Exercise directions:
Output exactly the lines from the one with "FENDER CUSTOM SHOP" through the last line of the data below, both included, and nothing more.

(Records drawn from a dataset)
########################################

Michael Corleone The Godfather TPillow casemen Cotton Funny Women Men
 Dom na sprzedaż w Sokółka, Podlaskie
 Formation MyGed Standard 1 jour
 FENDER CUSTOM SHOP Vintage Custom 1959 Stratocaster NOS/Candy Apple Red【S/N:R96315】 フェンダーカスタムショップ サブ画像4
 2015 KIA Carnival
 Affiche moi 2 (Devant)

########################################

Answer space:
 FENDER CUSTOM SHOP Vintage Custom 1959 Stratocaster NOS/Candy Apple Red【S/N:R96315】 フェンダーカスタムショップ サブ画像4
 2015 KIA Carnival
 Affiche moi 2 (Devant)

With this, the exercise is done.